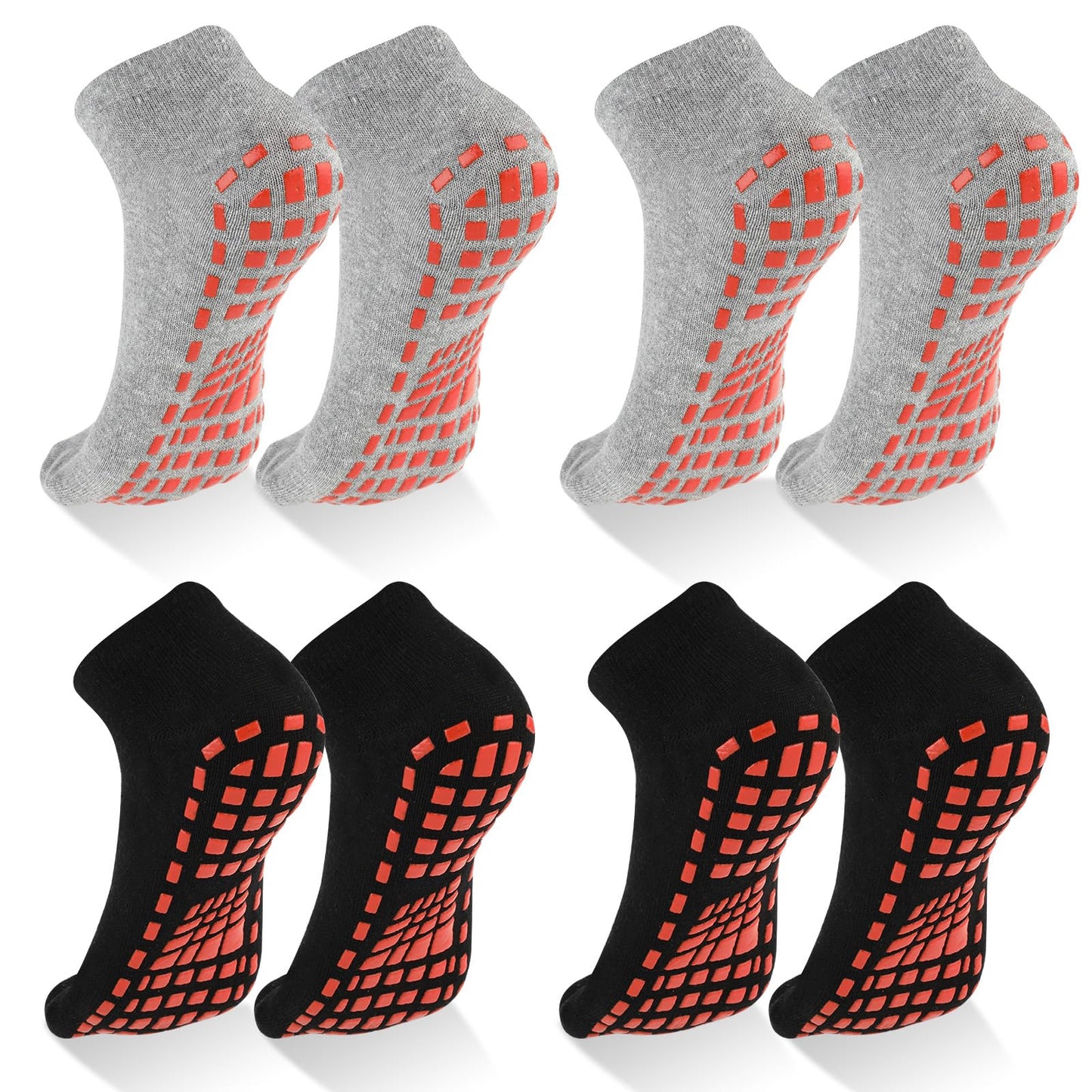simarro 4 Pairs Yoga Socks with Grips, Non Slip Grip Socks for Yoga Pilates Ballet Barre Dance Gym Hospital, Anti Skid Socks for Women and Men (2 Colors 4 Pairs)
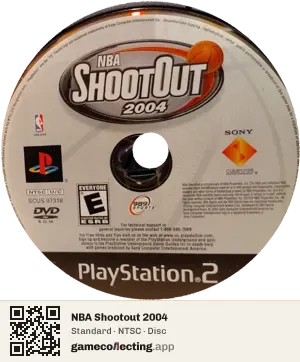 NBA Shootout 2004 PlayStation 2, NTSC disc
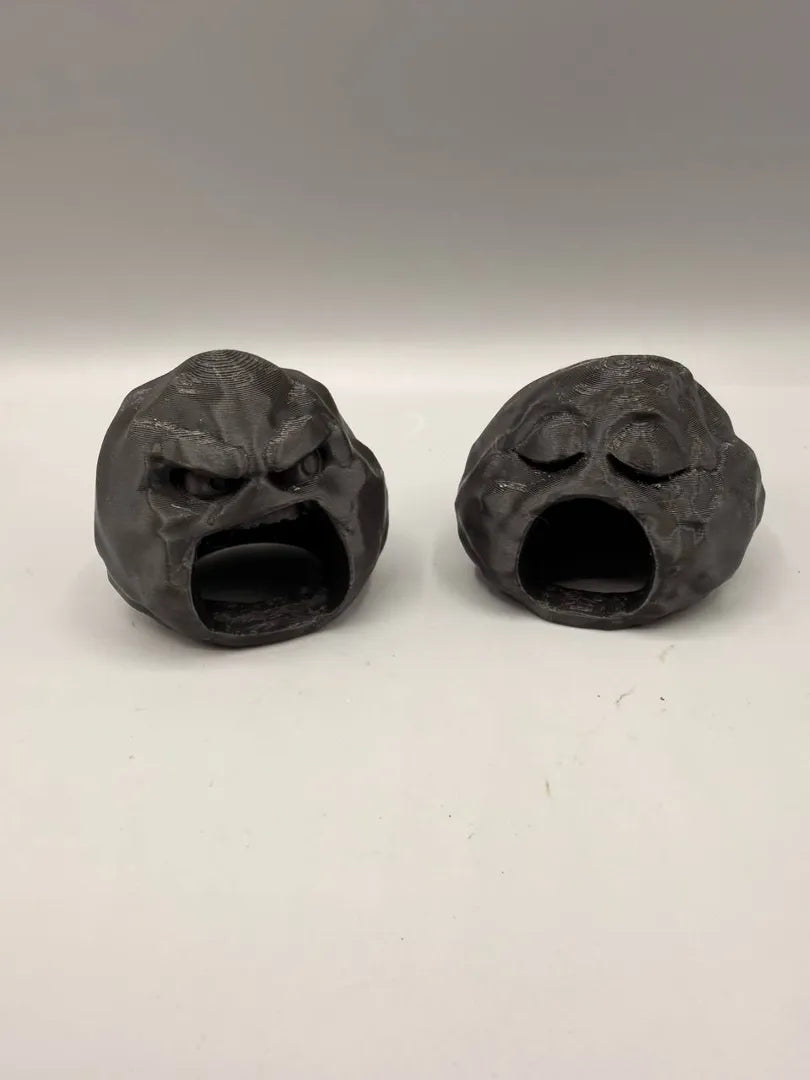 Grumpy Stone Caves — licensed designer photograph; set of two, supplied unpainted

Task instructions: Copy out all the data exactly. The images should not appear in the copy.

Solution for this exercise:
simarro 4 Pairs Yoga Socks with Grips, Non Slip Grip Socks for Yoga Pilates Ballet Barre Dance Gym Hospital, Anti Skid Socks for Women and Men (2 Colors 4 Pairs)
 NBA Shootout 2004 PlayStation 2, NTSC disc
 Grumpy Stone Caves — licensed designer photograph; set of two, supplied unpainted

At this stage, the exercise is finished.